_Data for analysis_:
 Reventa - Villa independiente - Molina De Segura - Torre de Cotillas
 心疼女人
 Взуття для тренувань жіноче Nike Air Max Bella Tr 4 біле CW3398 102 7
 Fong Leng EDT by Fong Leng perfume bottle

---

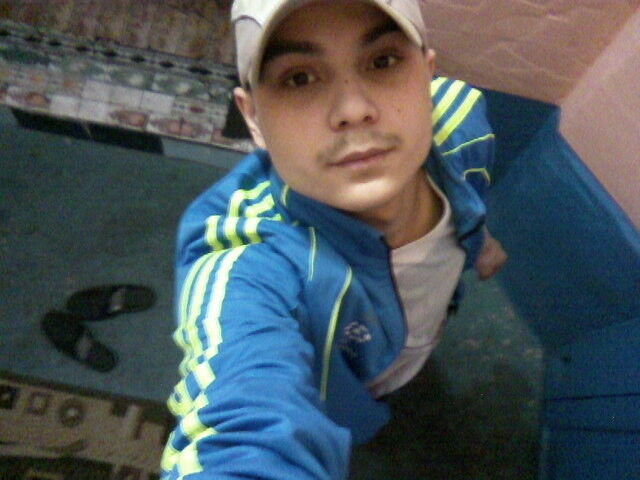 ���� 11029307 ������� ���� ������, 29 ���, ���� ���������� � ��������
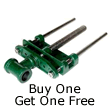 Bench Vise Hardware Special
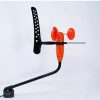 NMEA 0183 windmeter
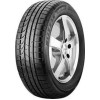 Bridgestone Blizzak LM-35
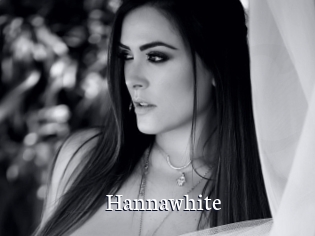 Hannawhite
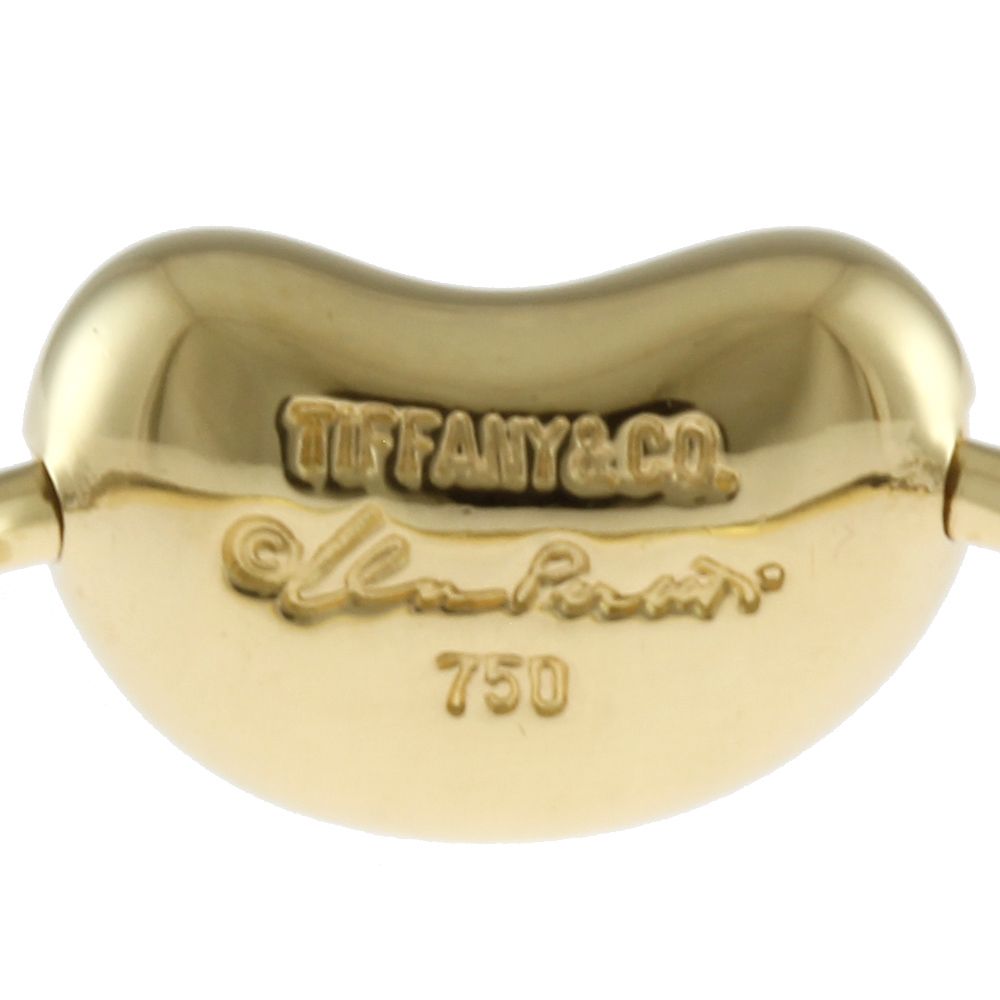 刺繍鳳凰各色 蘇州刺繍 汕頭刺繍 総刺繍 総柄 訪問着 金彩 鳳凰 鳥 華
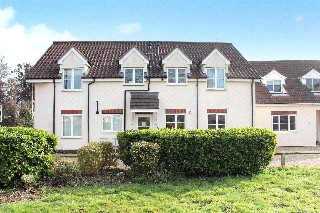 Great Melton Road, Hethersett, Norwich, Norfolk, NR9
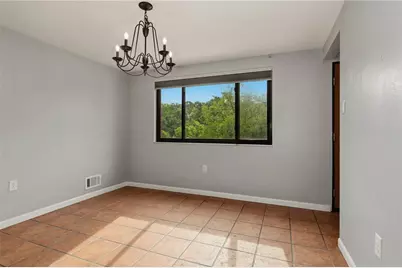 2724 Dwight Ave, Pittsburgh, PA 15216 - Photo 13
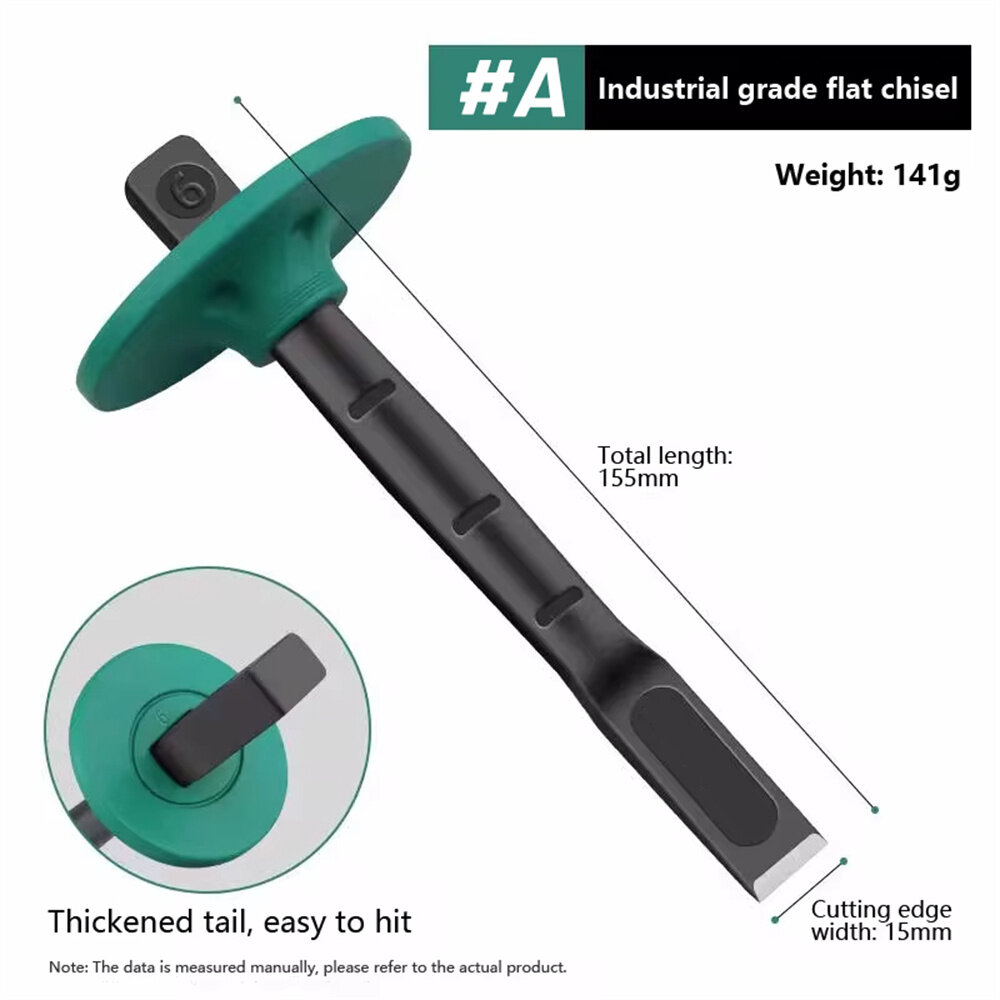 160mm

_Activity_: Go back to the listing above. Copy word for word the lines from the one with "Взуття для тренувань" through the one with "Fong Leng EDT by Fong Leng perfume bottle", and nothing more.

_Written response_:
 Взуття для тренувань жіноче Nike Air Max Bella Tr 4 біле CW3398 102 7
 Fong Leng EDT by Fong Leng perfume bottle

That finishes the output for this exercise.